--- DATA FOR PROCESSING ---

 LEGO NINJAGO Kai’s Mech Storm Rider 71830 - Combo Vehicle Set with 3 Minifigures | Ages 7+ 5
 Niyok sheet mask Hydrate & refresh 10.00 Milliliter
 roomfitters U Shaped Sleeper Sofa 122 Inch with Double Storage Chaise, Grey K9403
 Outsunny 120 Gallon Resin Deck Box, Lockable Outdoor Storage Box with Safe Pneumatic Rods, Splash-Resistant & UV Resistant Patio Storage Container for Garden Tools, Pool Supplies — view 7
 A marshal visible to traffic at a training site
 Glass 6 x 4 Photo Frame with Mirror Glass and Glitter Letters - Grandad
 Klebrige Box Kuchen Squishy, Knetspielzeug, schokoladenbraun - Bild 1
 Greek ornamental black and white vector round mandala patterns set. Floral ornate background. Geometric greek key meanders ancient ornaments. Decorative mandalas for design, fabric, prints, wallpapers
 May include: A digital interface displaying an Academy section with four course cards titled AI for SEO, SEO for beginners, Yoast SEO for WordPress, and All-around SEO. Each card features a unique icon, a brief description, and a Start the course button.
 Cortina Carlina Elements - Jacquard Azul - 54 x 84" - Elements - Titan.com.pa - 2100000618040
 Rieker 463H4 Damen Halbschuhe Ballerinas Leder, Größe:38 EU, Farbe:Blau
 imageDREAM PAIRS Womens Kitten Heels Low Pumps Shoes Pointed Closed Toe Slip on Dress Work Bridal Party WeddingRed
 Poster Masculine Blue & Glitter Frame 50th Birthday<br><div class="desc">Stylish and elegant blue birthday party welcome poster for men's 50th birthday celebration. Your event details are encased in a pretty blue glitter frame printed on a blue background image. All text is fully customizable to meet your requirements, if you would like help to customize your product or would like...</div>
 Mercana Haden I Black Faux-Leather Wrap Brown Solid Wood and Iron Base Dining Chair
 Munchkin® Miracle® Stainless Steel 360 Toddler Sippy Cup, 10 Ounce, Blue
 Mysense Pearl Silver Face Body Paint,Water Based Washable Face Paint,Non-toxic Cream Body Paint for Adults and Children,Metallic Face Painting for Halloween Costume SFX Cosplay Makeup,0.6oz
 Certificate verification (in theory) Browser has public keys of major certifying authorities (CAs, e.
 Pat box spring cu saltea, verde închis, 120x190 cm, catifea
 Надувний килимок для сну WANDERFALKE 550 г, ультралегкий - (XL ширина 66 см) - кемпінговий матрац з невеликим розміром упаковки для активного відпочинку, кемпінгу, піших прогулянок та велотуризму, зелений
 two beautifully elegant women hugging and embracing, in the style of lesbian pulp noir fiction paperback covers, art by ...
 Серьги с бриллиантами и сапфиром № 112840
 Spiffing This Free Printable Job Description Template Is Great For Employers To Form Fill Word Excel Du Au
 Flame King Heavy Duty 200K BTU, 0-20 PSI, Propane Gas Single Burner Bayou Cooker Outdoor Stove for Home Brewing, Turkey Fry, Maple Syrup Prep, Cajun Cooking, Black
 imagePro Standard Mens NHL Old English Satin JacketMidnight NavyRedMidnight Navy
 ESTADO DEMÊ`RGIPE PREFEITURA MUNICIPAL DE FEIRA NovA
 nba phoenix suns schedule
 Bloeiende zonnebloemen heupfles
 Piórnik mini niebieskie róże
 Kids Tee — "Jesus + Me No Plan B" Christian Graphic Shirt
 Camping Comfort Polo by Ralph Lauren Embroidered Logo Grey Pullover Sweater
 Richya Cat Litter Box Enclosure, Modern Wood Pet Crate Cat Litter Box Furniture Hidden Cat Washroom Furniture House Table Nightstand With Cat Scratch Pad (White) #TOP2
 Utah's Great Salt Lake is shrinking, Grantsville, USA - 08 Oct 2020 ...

---

Please give back, exactly as it stands above, the stretch from the line with "Pat box spring" through the line with "two beautifully elegant", and no line outside it.

 Pat box spring cu saltea, verde închis, 120x190 cm, catifea
 Надувний килимок для сну WANDERFALKE 550 г, ультралегкий - (XL ширина 66 см) - кемпінговий матрац з невеликим розміром упаковки для активного відпочинку, кемпінгу, піших прогулянок та велотуризму, зелений
 two beautifully elegant women hugging and embracing, in the style of lesbian pulp noir fiction paperback covers, art by ...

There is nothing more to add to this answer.